As for the Cleveland museum, which is considered a bastard cousin of the glittery annual Waldorf event, the Foundation donated only $77,000 to it in 1998-99. But the absence of any donation last year is even more troubling considering the Foundation's stated purpose on its tax return — "to establish and maintain all matters of historical significance in rock and roll." Evans Hochberg told me yesterday: "We are partners with the museum. We have allocated funds for its expansion and for educational programs. Our money is going to be used for the museum."
The Foundation's unpaid but better-known directors are Rolling Stone publisher Jann Wenner, Sire Records president Seymour Stein and Atlantic Records co-founder Ahmet Ertegun, who recently published his autobiography with a $75 suggested price. Wenner, who declined to answer questions about the Foundation last winter when this column first approached him, is considered the Foundation's defacto head. In fact, the Foundation's offices are in the process of moving into space at Rolling Stone headquarters this week after being moved from the Atlantic Records offices.
Arista Records head of promotion Jerry Blair got the boot yesterday. Arista is bleeding money so they had to do something. Company prez LA Reid, who lured Blair from Columbia Records one year ago after a successful 11 year run, had to find a scapegoat since his records are not selling.
I thought maybe if Arista Records' big fall releases were hits that Reid and friends would be safe at home. But it was not to be.
Reid's hopes were pinned to a new album by Kenny "Babyface" Edmonds (which I've personally been enjoying a lot). Unfortunately, the CD sold a measly 55,000 copies in its debut and hit the Billboard/SoundScan chart at No. 25. This is the equivalent of dead on arrival.
To make matters worse, Sean "Puffy" Combs sold about 24,000 copies of his P. Diddy and the Bad Boy Family: The Saga Continues album. This brings his total to 725,000. At No. 48, this CD is also over, and with it will come accusations of overspending. Bad Boy Records, which is part of Arista, is now in dire straits. Something tells me the Cristal Champagne will be replaced by Gatorade soon.
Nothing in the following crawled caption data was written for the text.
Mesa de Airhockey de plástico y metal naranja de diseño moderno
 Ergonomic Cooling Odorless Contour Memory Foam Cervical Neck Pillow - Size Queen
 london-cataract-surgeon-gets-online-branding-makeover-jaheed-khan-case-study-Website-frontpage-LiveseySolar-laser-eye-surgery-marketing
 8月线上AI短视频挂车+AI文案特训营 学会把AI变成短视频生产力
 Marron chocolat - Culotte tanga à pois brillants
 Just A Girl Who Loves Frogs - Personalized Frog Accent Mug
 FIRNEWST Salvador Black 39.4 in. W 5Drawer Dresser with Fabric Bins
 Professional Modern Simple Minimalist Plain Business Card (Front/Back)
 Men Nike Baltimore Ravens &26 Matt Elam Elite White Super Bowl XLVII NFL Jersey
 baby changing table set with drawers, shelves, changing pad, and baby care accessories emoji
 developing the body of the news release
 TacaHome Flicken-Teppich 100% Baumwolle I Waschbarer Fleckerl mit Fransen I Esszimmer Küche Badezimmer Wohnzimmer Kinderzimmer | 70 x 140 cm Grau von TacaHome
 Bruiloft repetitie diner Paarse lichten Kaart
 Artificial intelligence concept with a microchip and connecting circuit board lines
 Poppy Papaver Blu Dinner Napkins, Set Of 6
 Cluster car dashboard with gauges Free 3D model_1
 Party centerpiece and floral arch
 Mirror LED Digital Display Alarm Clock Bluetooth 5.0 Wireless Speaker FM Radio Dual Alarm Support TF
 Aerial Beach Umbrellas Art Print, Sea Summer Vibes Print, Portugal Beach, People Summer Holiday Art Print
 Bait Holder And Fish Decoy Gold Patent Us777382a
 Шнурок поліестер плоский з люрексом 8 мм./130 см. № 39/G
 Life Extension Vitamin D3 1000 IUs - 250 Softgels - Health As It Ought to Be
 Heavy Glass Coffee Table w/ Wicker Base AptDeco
Other Arista disappointments are albums by Usher and Blu Cantrell. Both artists had radio hits, but the CDs didn't really happen. They were both good and recommendable, but neither of them found a large audience.
My sources insist that Reid will be out by year's end. Arista is part of BMG, which is now in a huge consolidation mode. Their RCA Records urban music division is said to be folding up as well.
As for Blair, my guess is he goes next to Warner Bros., which is desperate for some heat now that new president Tom Whalley has moved in. Whalley will let him actually do the work he couldn't do at Arista.
Interestingly, I was told about Blair's departure back on August 14, at the MTV 20th Anniversary show at the Hammerstein Ballroom. Someone I should have believed pointed to debonair Jere and said, "He's out, you know." Now we know to trust the gossip grapevine.
Meanwhile, Arista's contribution to the current national pride is to re-release Whitney Houston singing "The Star-Spangled Banner," from 1991. All I could think of when I heard this was the Way Back Machine from Rocky and Bullwinkle.
Please, folks, remember that Broadway is still open for business. We're hearing stories about half-full theatres. I can only tell you that if you haven't seen Kiss Me Kate, The Music Man or Chicago, you're missing something special in each case. This is the time to support all live performances, art galleries, libraries, and museums. The beauty found in all these things is what the terrorists want to take away from us. Let's show them that we don't care what they think.